- **Problem to work on**
Repeat verbatim only the lines from the opening of the material below through the one that contains "hiuti09_thumb.png".
────────────────────────────────────────
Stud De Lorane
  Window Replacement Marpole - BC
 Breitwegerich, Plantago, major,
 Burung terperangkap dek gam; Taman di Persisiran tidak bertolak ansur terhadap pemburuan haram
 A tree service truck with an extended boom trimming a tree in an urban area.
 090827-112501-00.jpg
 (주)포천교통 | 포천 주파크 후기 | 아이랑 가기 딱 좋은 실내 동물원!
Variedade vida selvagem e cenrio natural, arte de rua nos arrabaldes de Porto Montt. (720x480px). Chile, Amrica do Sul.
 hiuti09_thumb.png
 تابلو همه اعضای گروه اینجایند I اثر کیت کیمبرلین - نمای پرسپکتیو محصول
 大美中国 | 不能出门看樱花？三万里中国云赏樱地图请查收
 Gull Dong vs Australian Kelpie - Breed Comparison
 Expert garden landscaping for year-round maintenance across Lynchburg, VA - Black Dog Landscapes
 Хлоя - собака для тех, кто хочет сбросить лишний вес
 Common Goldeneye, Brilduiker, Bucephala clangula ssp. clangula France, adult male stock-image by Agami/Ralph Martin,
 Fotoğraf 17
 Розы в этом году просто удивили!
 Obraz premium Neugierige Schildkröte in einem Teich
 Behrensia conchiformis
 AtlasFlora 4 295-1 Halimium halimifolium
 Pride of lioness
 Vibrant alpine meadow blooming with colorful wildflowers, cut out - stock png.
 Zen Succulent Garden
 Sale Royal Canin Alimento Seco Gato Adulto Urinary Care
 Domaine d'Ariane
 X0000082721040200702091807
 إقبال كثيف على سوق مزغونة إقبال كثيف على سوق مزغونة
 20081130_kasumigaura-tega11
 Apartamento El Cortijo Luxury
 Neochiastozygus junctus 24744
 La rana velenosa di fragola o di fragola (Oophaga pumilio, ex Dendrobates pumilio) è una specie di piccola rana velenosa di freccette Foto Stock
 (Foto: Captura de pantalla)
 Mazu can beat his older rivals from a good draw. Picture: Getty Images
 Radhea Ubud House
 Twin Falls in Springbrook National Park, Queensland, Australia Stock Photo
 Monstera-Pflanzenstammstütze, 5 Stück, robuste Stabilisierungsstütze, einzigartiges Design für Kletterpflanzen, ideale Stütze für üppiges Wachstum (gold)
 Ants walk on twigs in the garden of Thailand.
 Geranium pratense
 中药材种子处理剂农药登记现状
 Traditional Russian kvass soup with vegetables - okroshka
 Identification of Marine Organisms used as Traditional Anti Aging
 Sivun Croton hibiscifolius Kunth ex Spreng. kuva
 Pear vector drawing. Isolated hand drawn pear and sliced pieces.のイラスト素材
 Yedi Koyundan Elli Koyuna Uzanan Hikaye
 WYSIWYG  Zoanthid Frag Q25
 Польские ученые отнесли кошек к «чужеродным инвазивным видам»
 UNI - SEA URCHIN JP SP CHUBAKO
────────────────────────────────────────
- **Completed task**
Stud De Lorane
  Window Replacement Marpole - BC
 Breitwegerich, Plantago, major,
 Burung terperangkap dek gam; Taman di Persisiran tidak bertolak ansur terhadap pemburuan haram
 A tree service truck with an extended boom trimming a tree in an urban area.
 090827-112501-00.jpg
 (주)포천교통 | 포천 주파크 후기 | 아이랑 가기 딱 좋은 실내 동물원!
Variedade vida selvagem e cenrio natural, arte de rua nos arrabaldes de Porto Montt. (720x480px). Chile, Amrica do Sul.
 hiuti09_thumb.png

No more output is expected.